__What is required__: Give all of the listing again word for word, with images excluded.

__Data block__:
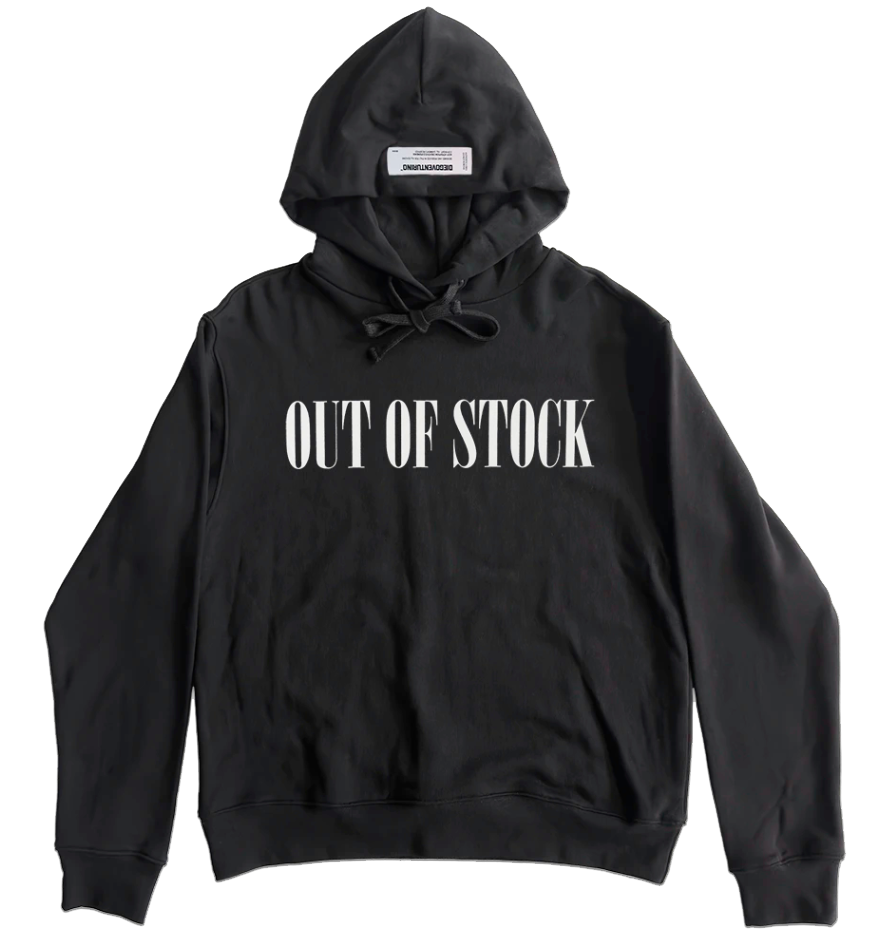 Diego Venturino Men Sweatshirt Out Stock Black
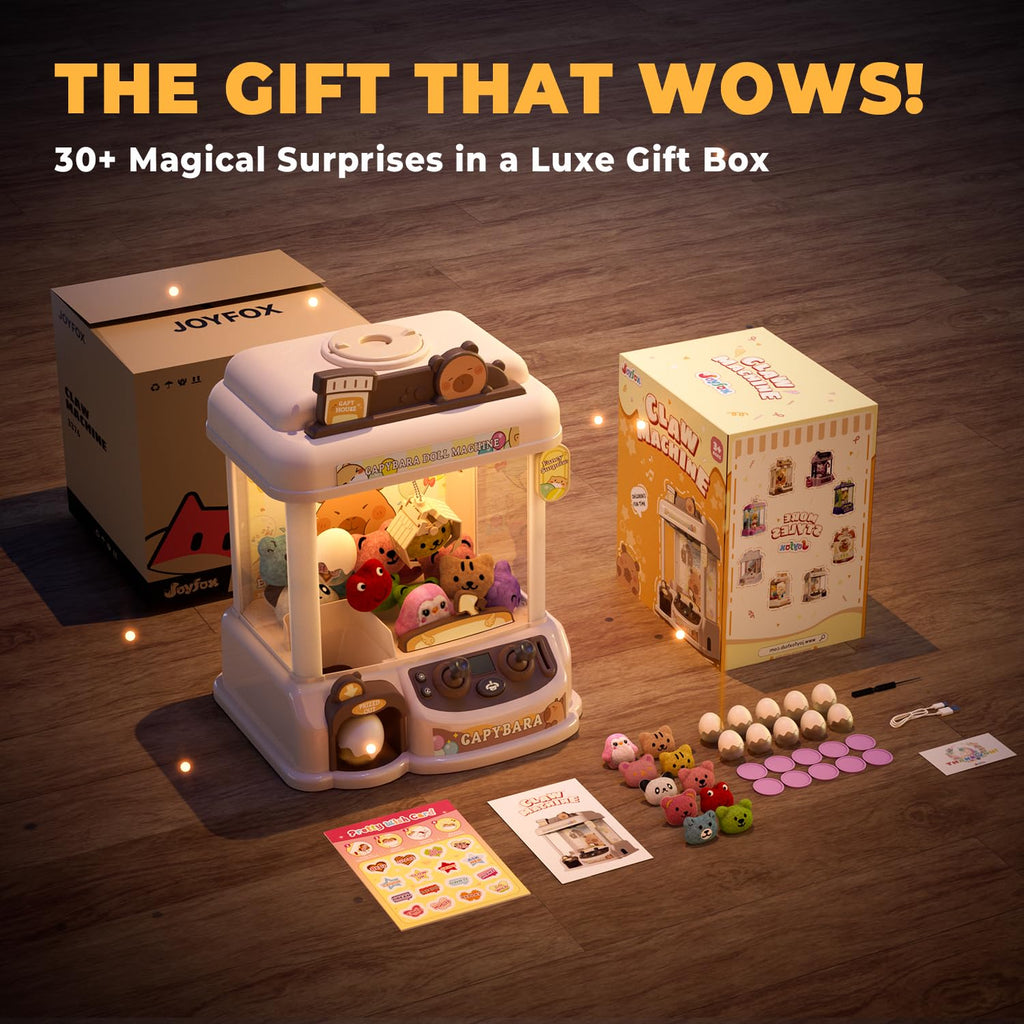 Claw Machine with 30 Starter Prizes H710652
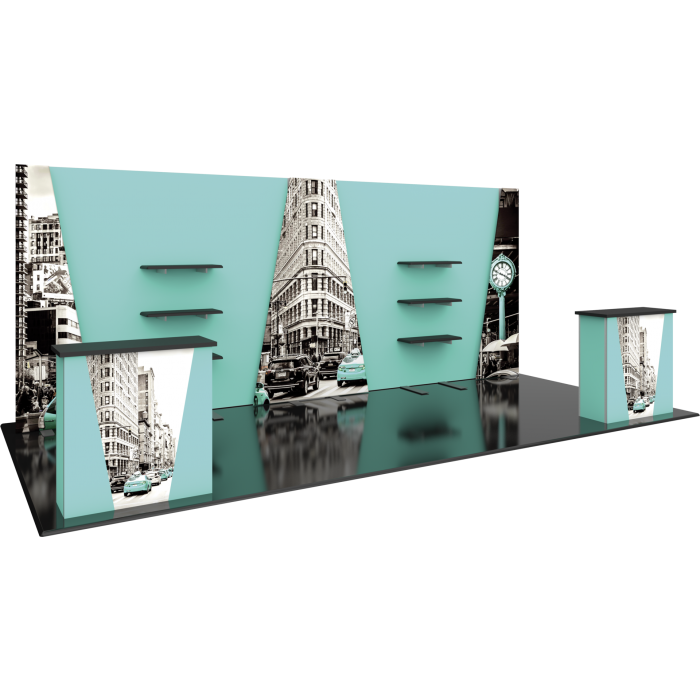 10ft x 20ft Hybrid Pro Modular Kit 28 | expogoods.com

__Task solution__:
 Diego Venturino Men Sweatshirt Out Stock Black
 Claw Machine with 30 Starter Prizes H710652
 10ft x 20ft Hybrid Pro Modular Kit 28 | expogoods.com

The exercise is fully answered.